Rental assistance for people with housing but who are at risk of being evicted also is running out. The state has so far received relief application requests totaling more than $6.8 billion, according to BCSH's dashboard. That's well over the $5.2 billion it has gotten from the federal government, about half of which is administered by local jurisdictions.

The agency previously expressed confidence that the need would be filled by another round of federal funding, but in response to California’s recent $1.9 billion request to the U.S. Treasury Department, the state only received $62 million on Friday, Newsom said.

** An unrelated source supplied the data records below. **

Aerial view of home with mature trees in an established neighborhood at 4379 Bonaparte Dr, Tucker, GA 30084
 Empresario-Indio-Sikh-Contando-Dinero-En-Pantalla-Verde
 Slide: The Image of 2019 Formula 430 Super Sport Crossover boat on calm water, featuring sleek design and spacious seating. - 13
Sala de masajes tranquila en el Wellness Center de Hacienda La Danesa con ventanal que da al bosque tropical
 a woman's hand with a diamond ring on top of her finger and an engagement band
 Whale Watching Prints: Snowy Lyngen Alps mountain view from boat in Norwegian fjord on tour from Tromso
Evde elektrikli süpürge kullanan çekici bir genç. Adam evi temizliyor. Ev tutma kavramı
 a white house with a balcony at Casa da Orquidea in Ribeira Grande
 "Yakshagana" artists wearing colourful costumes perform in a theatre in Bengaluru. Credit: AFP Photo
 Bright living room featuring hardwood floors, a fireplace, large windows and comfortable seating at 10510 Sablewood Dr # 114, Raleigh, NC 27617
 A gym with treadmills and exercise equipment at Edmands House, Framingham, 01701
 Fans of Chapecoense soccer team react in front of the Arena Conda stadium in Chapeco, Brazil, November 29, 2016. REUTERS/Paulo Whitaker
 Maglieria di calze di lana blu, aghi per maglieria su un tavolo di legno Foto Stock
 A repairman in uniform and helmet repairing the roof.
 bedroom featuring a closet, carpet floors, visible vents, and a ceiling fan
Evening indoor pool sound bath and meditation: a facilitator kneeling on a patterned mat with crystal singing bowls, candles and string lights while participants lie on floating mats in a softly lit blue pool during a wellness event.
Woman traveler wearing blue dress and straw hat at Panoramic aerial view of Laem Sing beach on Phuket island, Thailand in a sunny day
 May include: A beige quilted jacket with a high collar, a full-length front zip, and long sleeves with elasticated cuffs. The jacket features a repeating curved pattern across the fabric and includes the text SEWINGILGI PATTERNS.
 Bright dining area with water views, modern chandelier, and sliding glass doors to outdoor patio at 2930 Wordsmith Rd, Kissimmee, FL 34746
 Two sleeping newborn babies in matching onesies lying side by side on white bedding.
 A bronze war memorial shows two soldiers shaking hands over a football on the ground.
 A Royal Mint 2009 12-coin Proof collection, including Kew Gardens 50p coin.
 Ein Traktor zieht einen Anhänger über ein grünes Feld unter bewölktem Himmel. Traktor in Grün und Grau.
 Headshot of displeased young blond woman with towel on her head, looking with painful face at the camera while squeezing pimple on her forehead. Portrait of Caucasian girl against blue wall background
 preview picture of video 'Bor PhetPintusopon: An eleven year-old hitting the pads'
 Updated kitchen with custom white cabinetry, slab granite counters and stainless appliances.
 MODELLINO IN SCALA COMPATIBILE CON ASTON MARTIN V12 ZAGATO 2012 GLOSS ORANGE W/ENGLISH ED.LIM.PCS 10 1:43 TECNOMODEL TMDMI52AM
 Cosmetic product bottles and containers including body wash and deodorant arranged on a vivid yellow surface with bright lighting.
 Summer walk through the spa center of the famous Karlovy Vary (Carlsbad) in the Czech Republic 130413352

“And so for the purposes of this budget, we are looking to continue to engage directly with Treasury, the Biden administration, as we have been, and directly with legislative leaders,” he added.

Newsom’s blueprint to tackle California’s housing crisis totals another $2 billion and prioritizes the state’s climate goals.

“I just want to reinforce, to some extent … moving away from investments in housing that don’t focus on climate, health, integrating downtown schools, jobs, parks and restaurants,” Newsom said.

That includes about $800 million in grants to develop housing units and the infrastructure around them in mostly downtown areas, “in that space away from the sprawl,” he said. The idea is to avoid building in areas prone to wildfires, and to prevent the greenhouse gas emissions that result from long commutes.

Of that money, Newsom wants to set aside $100 million to help offset the high costs that can make it prohibitively expensive to convert old offices and other buildings into apartments — a practice that UC Berkeley’s Terner Center for Housing Innovation found is most common in Los Angeles.

Besides prioritizing housing in downtown areas, the grant also would help meet the state’s climate goals by slashing the main culprit of construction waste: demolition. The remaining $100 million would go toward affordable housing on vacant state-owned land.

The other $1 billion in Newsom’s housing budget is focused largely on creating more affordable housing for the state's lowest earners, with $500 million going toward the Low-Income Housing Tax Credit, the largest funding source for building subsidized housing. The other $500 million would be used to preserve deteriorating affordable housing in downtown areas and rehabilitate mobile home parks, among other initiatives.

Matt Schwartz, president and CEO of the nonprofit California Housing Partnership, said while he applauds the new “short-term investments,” the money won’t come close to building the 1.2 million homes his group estimates the state needs by 2030.

“It’s time for the governor and state leaders to go beyond proposing another year of short-term assistance and instead commit to a long-term plan with sustained investments at the scale needed to solve the homeless and housing affordability crises and address climate change,” he said.

The League of California Cities, however, responded more positively to Newsom’s blueprint.

“The proposal makes good on last year’s promises by the state to continue investing in housing production, as well as housing coupled with mental health services for those experiencing homelessness,” Carolyn Coleman, the league’s CEO, said in a statement. “These proposed investments are a critical down payment by the state on the long-term funding needed to solve a decades-in-the-making crisis.”